Observatoire des migrations et des technologies : Vous viviez à Ramallah et avez récemment déménagé à l'étranger en raison de l'intensification des actions militaires d'Israël en Cisjordanie - en plus de la situation instable à Gaza. Pouvez-vous nous expliquer la situation actuelle en Cisjordanie ?
Mona Shtaya : Avec le court et fragile cessez-le-feu à Gaza, les gens ont cessé de parler de ce qui se passe en Palestine. Mais ce dont nous sommes témoins en Cisjordanie est effrayant. Israël mène des raids dans les différentes villes et camps palestiniens, et les colons attaquent de plus en plus les Palestiniens. Il ne faut pas l'oublier : La guerre à Gaza n'est pas terminée. Les choses sont compliquées. Des gens ont perdu leur maison, des membres de leur famille et des amis. Les habitants de Gaza disent qu'ils n'ont même pas le temps de faire leur deuil. C'est donc une période très difficile. Ce dont nous avons été témoins à Gaza, le déplacement forcé de personnes, ne se limite pas à Gaza. Plus de 40 000 Palestiniens ont été déplacés à Jénine et à Tulkarem, ce qui affecte particulièrement les camps de réfugiés, où les Palestiniens vivent depuis des décennies. Aujourd'hui, ils sont témoins d'une nouvelle Nakba (ndlr : catastrophe en arabe) qui touche la jeune génération alors que notre traumatisme générationnel se poursuit. Les mêmes outils et tactiques qui ont été utilisés à Gaza, tels que la coupure des communications et la fermeture d'Internet, sont également utilisés en Cisjordanie.

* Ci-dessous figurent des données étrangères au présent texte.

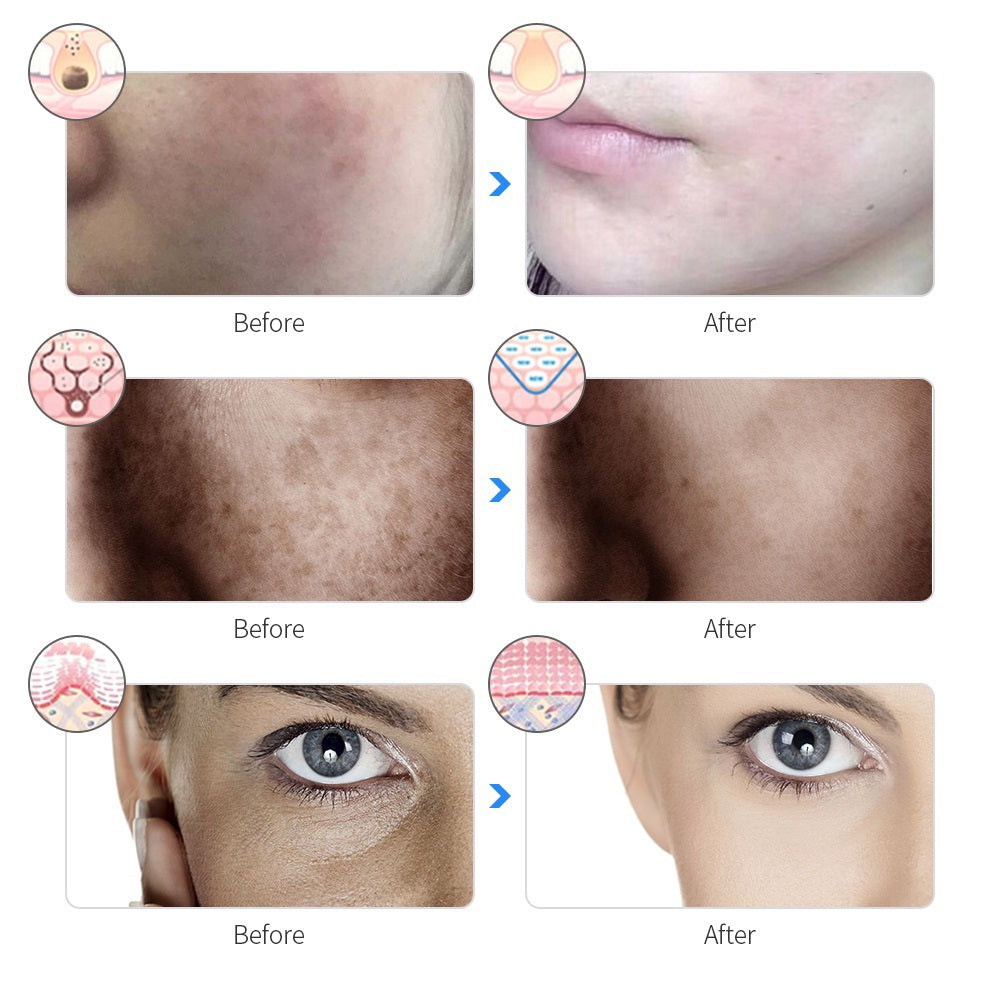 GLOSIFLY™-LED Face Mask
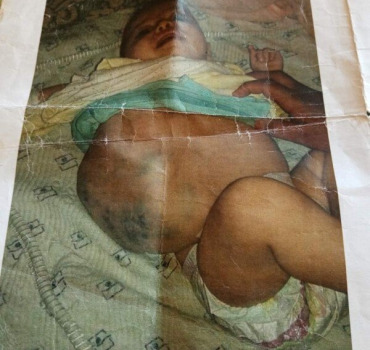 Aidons la petite meryem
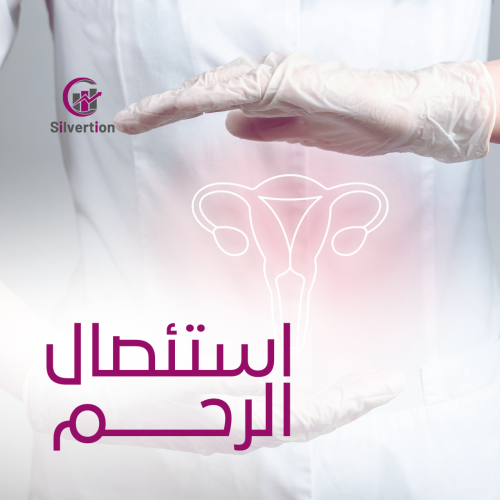استئصال الرحم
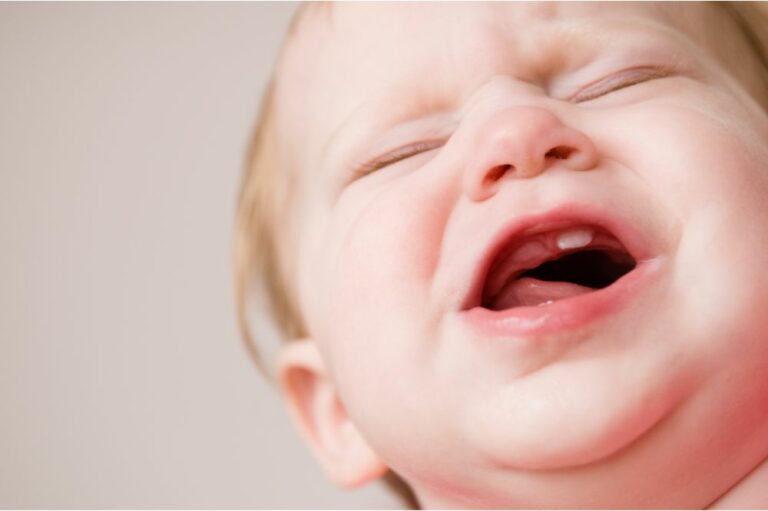 What if Baby Gets Upper Teeth First?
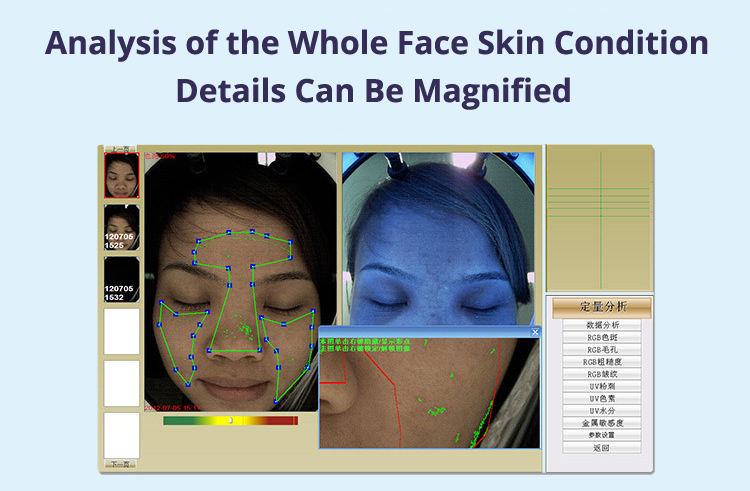 Skin Analysis Machine Details Magnified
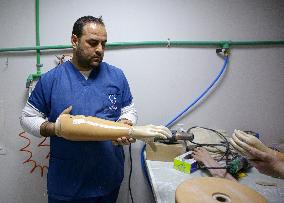 MIDEAST-GAZA CITY-BIONIC HANDS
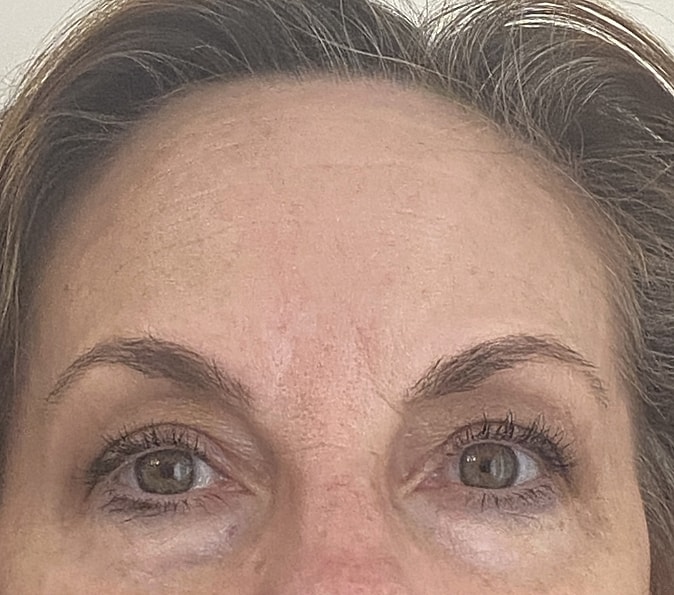 Sofwave Gallery Before & After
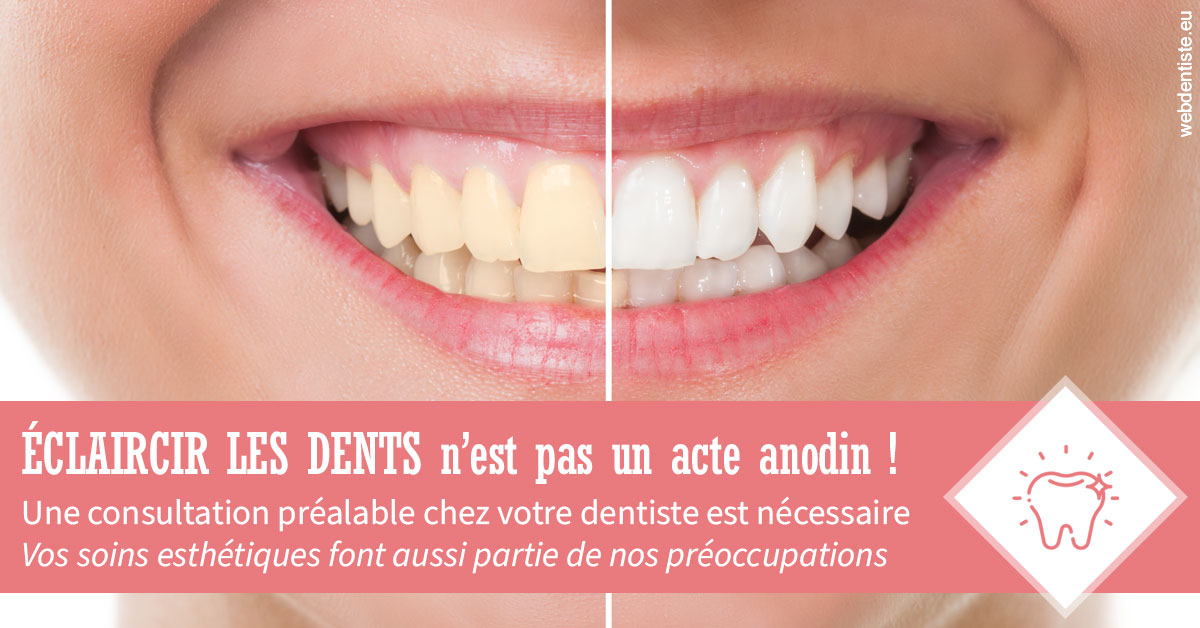 https://www.dr-hivelin-orvault.fr/Eclaircir les dents 1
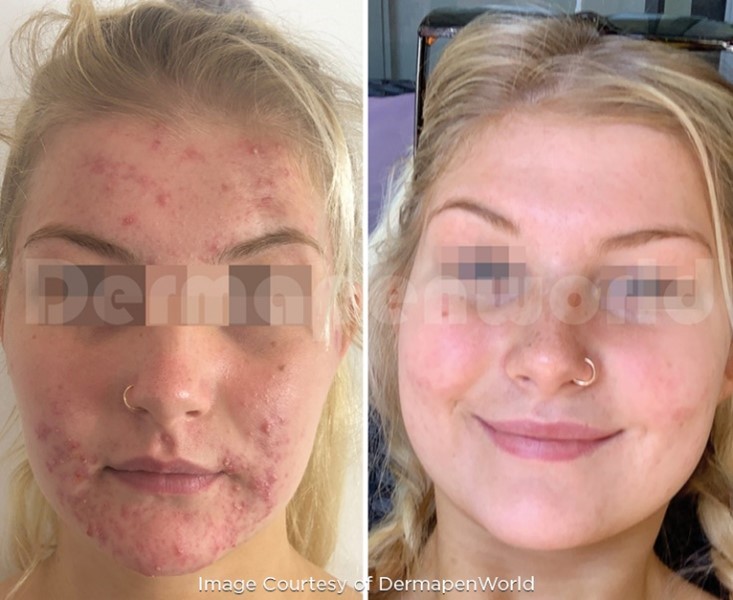 Dermapen - Medi Derma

Mona Shtaya est une militante et chercheuse palestinienne. Crédit : privé
MTM: Pouvez-vous donner un exemple ?
Mona Shtaya : Nous avons vu que pendant le génocide à Gaza, lorsqu'ils envahissaient le camp de réfugiés de Jénine ou le camp de réfugiés de Nour Sham à Tulkarem, ils coupaient aussi délibérément l'Internet et toutes les télécommunications, afin que les gens ne puissent pas documenter et rapporter ce qui se passait. En Cisjordanie, nous avons également vu des postes de contrôle militaires lourdement chargés qui sont là depuis des décennies et qui ont été activement maintenus fermés. Les Palestiniens doivent s'arrêter à ces points de contrôle militaires plus longtemps que d'habitude et il a toujours été difficile de les franchir. Il arrive que l'on attende deux ou trois heures pour se rendre au travail, puis encore deux ou trois heures pour rentrer chez soi.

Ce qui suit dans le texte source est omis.